図5は、第1の実施形態における表示例を示す図である。
図5に示すように、第1の実施形態において、表示画像生成部155は、所定の時相のX線画像(静止画像)上に計測データの計測位置を表示するとともに、計測位置に対応付けて、計測データから算出された生理学的評価指標(例えば、FFRやCFRなど)を表示する。また、表示画像生成部155は、個々の狭窄部位に対応付けて更に狭窄率を表示することで、解剖学的評価指標と生理学的評価指標とを同一のX線画像上に表示する。また、表示画像生成部155は、
図5に示すように、更に治療の要否に関する情報(例えば、治療不要、要治療)を表示する。なお、狭窄部位を示すマーク(
図5において、白抜きの円)は、例えば、治療の要否や、狭窄率などに応じて、色を変えて表示してもよい。また、文字列や文字列を囲む枠も、例えば、治療の要否や、FFRやCFRの値に応じて、色を変えて表示してもよい。例えば、注意を喚起すべき場合に、『赤色』で表示するなどしてもよい。
【0035】
治療要否基準設定部117は、治療要否を判定するための基準を設定する。例えば、治療要否基準設定部117は、「FFR<0.75、又は、CFR≦2.00、又は、狭窄率≧50%のいずれかの条件を満たす場合に、『要治療』と判定する」という基準を設定する。治療要否判定部118は、治療要否基準設定部117によって設定された基準に基づいて、治療要否を判定する。なお、治療要否判定部118による判定結果は、表示画像生成部155に送られる。
【0036】
図6は、第1の実施形態における他の表示例を示す図である。
図6に示すように、第1の実施形態において、表示画像生成部155は、狭窄部周辺に各種指標を表示するのみならず(
図6においては各種指標の表示は図示を省略)、血管内圧などの計測値に応じて、血管自体をカラー表示や濃淡表示してもよい。

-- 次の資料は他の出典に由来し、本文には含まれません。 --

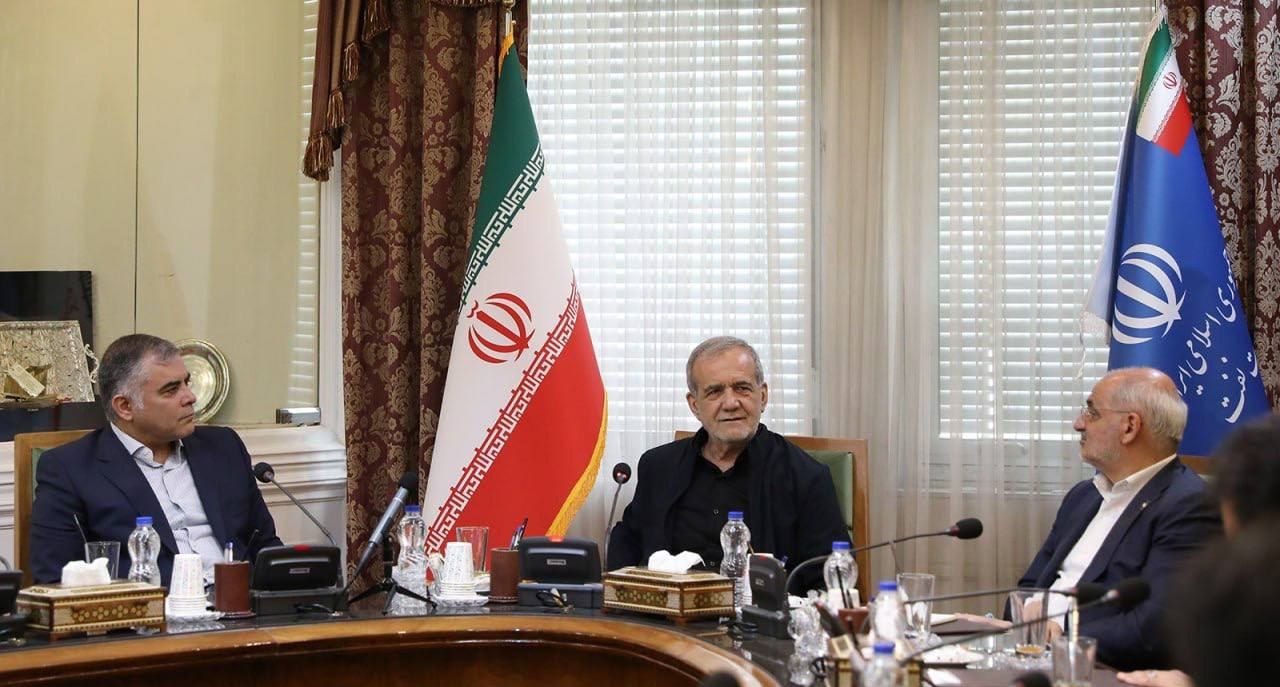 عکس/ بازدید سرزده رئیس‌جمهور از وزارت نفت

図6においては、便宜上、色の濃淡で示しているが、例えば、計測値に応じて、『赤色』と『黄色』との濃淡などで表示してもよい。
【0037】
図7は、第1の実施形態における他の表示例を示す図である。
図7に示すように、第1の実施形態において、表示画像生成部155は、自動処理の結果を手動で調整するためのツールを表示してもよい。すなわち、上述したように、第1の実施形態においては、狭窄部位や、計測データの計測位置などが、X線画像上で自動的に特定され、表示されるが、必ずしも期待通りの結果を表示しないおそれもある。このような場合のために、表示画像生成部155は、
図7に示すようなUI(User Interface)を表示する。このUIは、例えば、冠動脈枝特定部142によって特定された冠動脈枝から血管芯線を抽出し、抽出した血管芯線を表示する。表示画像生成部155は、この血管芯線上において、計測位置を示すバーaや狭窄部位を示すマークbのスライド操作を受け付ける。すなわち、計測位置も狭窄部位も、血管芯線上に存在するはずであるので(血管径内における芯線からのずれは無視する)、表示画像生成部155は、血管芯線上のみをスライド可能なUIを提供してもよい。
【0038】
上述したように、第1の実施形態によれば、計測データの計測位置を血管画像上に表示するので、生理学的指標の計測位置を血管画像上で把握できる。このように、第1の実施形態によれば、生理学的評価結果が解剖学的評価結果と関連付けて表示される。この結果、操作者は、例えば、冠動脈のどの位置で生理学的評価指標が得られたのかを容易に把握でき、通常の病変の場合のみならず連続病変や多枝病変の場合などに有効である。
【0039】
このように、第1の実施形態によれば、PCI(Percutaneous Coronary Intervention)中にリアルタイムに撮影されるX線画像や、ワークステーションなどに保存された過去画像の狭窄の位置とリンクした生理学的評価指標を表示できる。また、生理学的評価指標を算出するために計測された血管内圧や血流速度の値も、計測された位置に表示できる。この結果、冠動脈狭窄の心筋虚血誘発性を、単一画像上で解剖学的且つ生理学的な両方の観点から評価でき、また、治療の要否や治療状態をPCI中に表示しながらの手技が可能となる。また、過去の検査画像上に生理学的評価値を表示した場合には、現在の状態と生理学的な観点から定量的に比較できる。
【0040】
(第2の実施形態)
第2の実施形態においては、表示画像として、リアルタイムに撮影された時系列のX線画像群(動画像)を想定する。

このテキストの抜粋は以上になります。